▶ [Goal of the exercise]: From the data below, set down exactly the lines between the one holding "Hello and Namaste." and the one holding "To communicate between", inclusive, and no others.

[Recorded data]
______________________________

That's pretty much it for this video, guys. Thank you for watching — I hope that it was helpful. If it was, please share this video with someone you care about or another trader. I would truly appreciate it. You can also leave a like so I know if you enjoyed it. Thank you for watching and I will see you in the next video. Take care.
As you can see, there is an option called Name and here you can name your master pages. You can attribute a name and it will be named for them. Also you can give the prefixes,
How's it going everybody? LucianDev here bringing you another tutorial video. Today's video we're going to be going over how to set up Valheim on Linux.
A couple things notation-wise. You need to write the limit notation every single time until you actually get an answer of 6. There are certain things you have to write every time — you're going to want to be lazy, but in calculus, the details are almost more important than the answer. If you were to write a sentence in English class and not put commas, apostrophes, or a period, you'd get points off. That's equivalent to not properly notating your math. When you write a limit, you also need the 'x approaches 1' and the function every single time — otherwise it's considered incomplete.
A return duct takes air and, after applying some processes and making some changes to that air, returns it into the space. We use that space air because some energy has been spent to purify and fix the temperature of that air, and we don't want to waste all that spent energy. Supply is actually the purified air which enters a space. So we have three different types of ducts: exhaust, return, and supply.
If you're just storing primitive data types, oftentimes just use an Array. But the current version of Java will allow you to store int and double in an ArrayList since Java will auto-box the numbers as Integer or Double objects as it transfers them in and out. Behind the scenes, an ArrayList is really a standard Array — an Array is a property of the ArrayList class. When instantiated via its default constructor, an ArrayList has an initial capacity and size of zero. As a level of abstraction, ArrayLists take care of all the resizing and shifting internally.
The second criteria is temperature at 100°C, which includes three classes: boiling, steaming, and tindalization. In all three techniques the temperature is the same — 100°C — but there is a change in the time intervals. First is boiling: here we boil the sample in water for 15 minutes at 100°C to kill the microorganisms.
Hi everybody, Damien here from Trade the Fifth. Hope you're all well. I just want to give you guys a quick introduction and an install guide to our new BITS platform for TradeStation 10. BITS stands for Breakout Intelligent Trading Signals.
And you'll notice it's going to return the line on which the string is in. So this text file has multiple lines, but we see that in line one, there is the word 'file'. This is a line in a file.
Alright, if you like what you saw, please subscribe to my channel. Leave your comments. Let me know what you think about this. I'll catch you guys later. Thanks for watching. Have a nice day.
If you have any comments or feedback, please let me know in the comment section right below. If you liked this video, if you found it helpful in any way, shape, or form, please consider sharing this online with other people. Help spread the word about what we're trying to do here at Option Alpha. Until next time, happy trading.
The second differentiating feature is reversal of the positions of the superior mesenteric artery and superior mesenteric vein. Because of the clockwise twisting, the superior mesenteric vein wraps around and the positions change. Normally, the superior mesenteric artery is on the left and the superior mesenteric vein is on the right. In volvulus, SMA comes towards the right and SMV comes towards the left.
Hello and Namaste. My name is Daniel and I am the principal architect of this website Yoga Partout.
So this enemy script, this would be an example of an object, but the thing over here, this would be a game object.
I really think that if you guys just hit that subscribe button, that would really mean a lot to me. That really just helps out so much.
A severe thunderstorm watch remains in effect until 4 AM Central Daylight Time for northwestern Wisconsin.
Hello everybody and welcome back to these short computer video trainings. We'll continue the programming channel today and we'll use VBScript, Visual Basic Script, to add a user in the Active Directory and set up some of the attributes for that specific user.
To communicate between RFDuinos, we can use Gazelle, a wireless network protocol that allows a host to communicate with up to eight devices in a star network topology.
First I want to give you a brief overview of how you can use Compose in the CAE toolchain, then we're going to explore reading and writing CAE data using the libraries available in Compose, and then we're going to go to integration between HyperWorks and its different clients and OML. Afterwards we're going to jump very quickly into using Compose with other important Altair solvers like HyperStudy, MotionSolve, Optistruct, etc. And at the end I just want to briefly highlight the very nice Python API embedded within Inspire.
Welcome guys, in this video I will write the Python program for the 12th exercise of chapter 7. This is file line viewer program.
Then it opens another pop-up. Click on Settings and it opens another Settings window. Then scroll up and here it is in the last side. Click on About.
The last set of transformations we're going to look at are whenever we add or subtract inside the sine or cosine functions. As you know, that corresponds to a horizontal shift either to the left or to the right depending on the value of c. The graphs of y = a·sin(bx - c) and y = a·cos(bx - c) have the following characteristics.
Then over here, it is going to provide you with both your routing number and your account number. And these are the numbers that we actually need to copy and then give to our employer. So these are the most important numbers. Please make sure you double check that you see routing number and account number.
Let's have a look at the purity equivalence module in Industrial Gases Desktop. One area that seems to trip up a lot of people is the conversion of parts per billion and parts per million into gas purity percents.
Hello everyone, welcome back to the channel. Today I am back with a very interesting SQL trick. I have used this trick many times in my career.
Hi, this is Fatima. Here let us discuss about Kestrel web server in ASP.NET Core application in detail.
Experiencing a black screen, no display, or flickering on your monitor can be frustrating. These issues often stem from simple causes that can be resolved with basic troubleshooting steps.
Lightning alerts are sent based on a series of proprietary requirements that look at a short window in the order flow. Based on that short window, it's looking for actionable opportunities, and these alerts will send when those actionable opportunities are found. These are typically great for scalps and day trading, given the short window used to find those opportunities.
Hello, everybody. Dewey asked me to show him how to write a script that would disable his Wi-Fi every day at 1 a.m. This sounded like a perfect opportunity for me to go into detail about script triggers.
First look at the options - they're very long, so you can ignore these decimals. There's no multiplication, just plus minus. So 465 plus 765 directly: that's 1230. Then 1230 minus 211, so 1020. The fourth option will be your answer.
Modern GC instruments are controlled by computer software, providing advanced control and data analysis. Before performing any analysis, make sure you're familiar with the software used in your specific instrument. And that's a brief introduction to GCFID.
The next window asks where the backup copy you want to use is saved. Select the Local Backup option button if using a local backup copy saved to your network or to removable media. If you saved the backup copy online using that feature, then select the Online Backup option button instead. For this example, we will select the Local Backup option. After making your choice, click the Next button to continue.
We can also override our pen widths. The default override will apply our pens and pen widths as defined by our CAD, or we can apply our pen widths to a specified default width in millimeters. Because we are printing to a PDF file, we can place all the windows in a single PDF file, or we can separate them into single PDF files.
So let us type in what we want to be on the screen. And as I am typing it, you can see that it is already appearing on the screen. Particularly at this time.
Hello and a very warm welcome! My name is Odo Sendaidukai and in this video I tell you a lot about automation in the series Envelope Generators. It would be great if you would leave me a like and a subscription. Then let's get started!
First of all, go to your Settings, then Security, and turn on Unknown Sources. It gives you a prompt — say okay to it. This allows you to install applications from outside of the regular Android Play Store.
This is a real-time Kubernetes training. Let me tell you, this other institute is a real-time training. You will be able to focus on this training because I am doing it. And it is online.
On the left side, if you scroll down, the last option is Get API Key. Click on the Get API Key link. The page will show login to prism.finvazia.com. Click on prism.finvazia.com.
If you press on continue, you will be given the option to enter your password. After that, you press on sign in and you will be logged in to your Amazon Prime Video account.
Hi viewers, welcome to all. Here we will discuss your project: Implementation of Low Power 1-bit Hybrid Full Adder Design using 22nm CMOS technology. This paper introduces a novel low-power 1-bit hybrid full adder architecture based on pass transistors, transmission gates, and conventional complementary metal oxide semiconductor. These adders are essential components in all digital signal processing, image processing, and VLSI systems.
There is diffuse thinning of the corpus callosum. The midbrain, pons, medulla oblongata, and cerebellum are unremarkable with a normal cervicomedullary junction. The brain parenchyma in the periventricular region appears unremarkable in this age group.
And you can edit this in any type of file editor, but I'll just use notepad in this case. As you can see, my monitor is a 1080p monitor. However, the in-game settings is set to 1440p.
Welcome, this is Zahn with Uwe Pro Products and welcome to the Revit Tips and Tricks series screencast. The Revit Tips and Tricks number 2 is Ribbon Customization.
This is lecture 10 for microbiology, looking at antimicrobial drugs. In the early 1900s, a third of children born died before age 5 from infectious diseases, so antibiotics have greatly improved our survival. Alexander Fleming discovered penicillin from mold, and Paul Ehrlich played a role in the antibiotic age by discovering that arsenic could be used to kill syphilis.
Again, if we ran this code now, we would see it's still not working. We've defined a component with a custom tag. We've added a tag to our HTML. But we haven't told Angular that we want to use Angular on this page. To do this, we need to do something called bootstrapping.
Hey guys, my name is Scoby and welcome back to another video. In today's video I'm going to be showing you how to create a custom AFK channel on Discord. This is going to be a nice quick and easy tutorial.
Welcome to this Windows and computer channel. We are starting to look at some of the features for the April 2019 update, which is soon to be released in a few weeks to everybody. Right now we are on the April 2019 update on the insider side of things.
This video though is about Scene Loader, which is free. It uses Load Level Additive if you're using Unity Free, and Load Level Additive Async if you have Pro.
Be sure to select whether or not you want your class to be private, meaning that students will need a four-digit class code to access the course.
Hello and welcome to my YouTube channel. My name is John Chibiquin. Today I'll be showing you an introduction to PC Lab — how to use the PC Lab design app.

______________________________

▶ [Exercise answer]:
Hello and Namaste. My name is Daniel and I am the principal architect of this website Yoga Partout.
So this enemy script, this would be an example of an object, but the thing over here, this would be a game object.
I really think that if you guys just hit that subscribe button, that would really mean a lot to me. That really just helps out so much.
A severe thunderstorm watch remains in effect until 4 AM Central Daylight Time for northwestern Wisconsin.
Hello everybody and welcome back to these short computer video trainings. We'll continue the programming channel today and we'll use VBScript, Visual Basic Script, to add a user in the Active Directory and set up some of the attributes for that specific user.
To communicate between RFDuinos, we can use Gazelle, a wireless network protocol that allows a host to communicate with up to eight devices in a star network topology.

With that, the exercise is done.